German court finds Google liable for defamatory AI summaries

A Munich regional court issued a temporary injunction saying Google can be held directly liable after AI-generated summaries falsely accused two German publishers of fraud.

A Munich regional court issued a temporary injunction ordering Google to stop showing certain AI-generated summaries after two German publishers were falsely described as involved in fraud and dubious business practices. The court held that those AI summaries can be treated as statements by Google and that the company can be directly liable for defamatory content.

The court said a generic on-screen warning asking users to verify AI results does not remove Google’s responsibility when the system produces false allegations. Judges described the AI summaries as independent, substantive assertions that go beyond traditional search indexing.

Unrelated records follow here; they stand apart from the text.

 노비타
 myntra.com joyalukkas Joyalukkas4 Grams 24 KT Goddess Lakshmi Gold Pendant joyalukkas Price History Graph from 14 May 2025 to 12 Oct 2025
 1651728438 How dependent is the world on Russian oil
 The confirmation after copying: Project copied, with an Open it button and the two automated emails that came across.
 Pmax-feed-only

The court noted that traditional search results link to third-party pages and are treated as indexing, not publication. By contrast, the AI summaries create new text by summarizing, rephrasing or inventing facts and placing them prominently at the top of search pages. Because Google controls the models and the logic that produces those summaries, the court said the company is in a position to prevent repeated dissemination of false information.

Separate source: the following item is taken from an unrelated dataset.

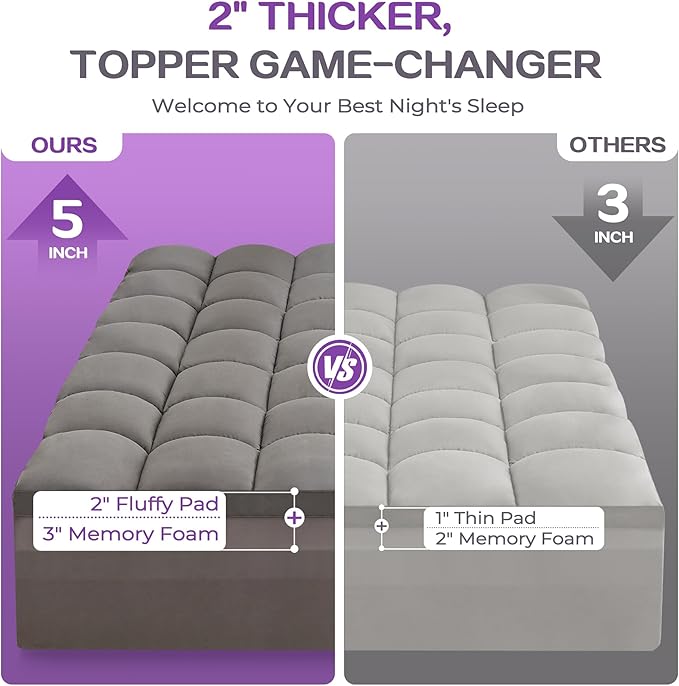 SINWEEK Dual Layer 5 Inch Memory Foam Mattress Topper King Size, 3 Inch Gel Memory Foam Plus 2 Inch 1450 GSM Down Alternative Quilted Pillow Top Mattress Pad Cover, Dark Gray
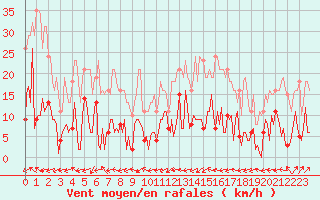 Courbe de la force du vent pour Besse-sur-Issole (83)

A key factor in the ruling was that Google did not immediately stop similar false summaries after the publishers sent a cease-and-desist demand. The court regarded the lack of prompt remedial action as evidence that Google could and should take steps to stop repetition of the same or similar false statements.

Google’s AI Overviews are powered by the Gemini model and are intended to give users quick answers. User-behavior research cited by the court showed that when an AI summary appears on a results page, clicks on standard links fall from about 15 percent to about 8 percent. Independent checks found the summaries accurate in roughly nine out of ten cases, but the court noted that processing more than five trillion queries a year means even a small error rate can produce many incorrect responses. The ruling also noted that many summaries labeled as accurate lacked full supporting evidence in the cited web pages.

The injunction is preliminary and can be appealed. The court framed its decision as a legal distinction between passively indexing the web and actively producing new statements through machine learning systems. The order requires Google to stop displaying the specific misleading summaries identified by the publishers.